In this notebook we will examine the capabilities of the H SAF Advanced Scatterometer (ASCAT) to monitor droughts in Mozambique. ASCAT instruments are situated onboard the Metop satellites (EUMETSAT¹) that are in orbit since 2007. These operational meteorological missions have yielded a continuous record of microwave backscattering and continue to produce data for the future. The longevity of the ASCAT microwave backscatter record is therefore well-suited to track climate change, such as soil moisture drying trends and droughts over Mozambique. The surface soil moisture (SSM) retrieved from the product showcased here is available at a sampling distance of 6.25\(\,\)km, this means that one value of soil moisture is available for every 50\(\,\)km\(^2\) (5000\(\,\)ha).
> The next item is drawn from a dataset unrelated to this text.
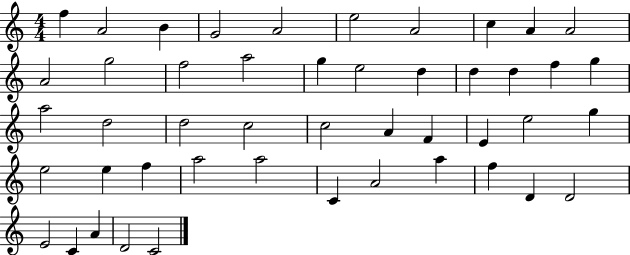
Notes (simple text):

F5/q A4/h B4/q G4/h A4/h E5/h A4/h C5/q A4/q A4/h A4/h G5/h F5/h A5/h G5/q E5/h D5/q D5/q D5/q F5/q G5/q A5/h D5/h D5/h C5/h C5/h A4/q F4/q E4/q E5/h G5/q E5/h E5/q F5/q A5/h A5/h C4/q A4/h A5/q F5/q D4/q D4/h E4/h C4/q A4/q D4/h C4/h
More information about microwave backscattering and the fundamentals of surface soil moisture retrieval from microwave backscatter signatures can be found in this video:

10.2 Imports

import cartopy.crs as ccrs
import holoviews as hv
import hvplot.pandas  # noqa
import numpy as np
import pandas as pd
from bokeh.models import FixedTicker

from envrs.download_path import make_url
from envrs.ssm_cmap import SSM_CMAP

ERROR 1: PROJ: proj_create_from_database: Open of /home/runner/work/eo-datascience/eo-datascience/.conda_envs/environmental-remote-sensing/share/proj failed

10.3 Plotting of Spatial Soil Moisture Maps

Let us start by having a look at monthly aggregated SSM derived from ASCAT microwave backscattering over Mozambique. We can easily load the csv-file with pandas from the web, like so:

url = make_url("ascat-6_25_ssm_monthly.csv")
df = pd.read_csv(
    url,
    index_col=["time", "location_id"],
    parse_dates=["time"],
)

df.head()

https://git.geo.tuwien.ac.at/api/v4/projects/1266/repository/files/ascat-6_25_ssm_monthly.csv/raw?ref=main&lfs=true

		longitude	latitude	surface_soil_moisture	zscore
time	location_id
2007-01-01	10250165	32.674310	-26.702084	22.886970	-0.399316
	10243400	32.698105	-26.768017	28.497500	-0.141156
	10246361	32.208755	-26.739155	37.186670	0.151953
	10250542	32.247260	-26.698412	41.724550	0.136301
	10278822	32.679924	-26.423197	21.824375	-1.098983

The data is presented in a long format, where each combination of time and location-id represents a unique observation. The coordinates, latitude (vertical position) and longitude (horizontal position), indicate the location on the Earth’s surface. These geospatial points are one of the simplest types of geospatial data known as the Climate and Forecast (CF) Convention “Point Data”². This format is well-suited for timeseries which is important for detecting droughts.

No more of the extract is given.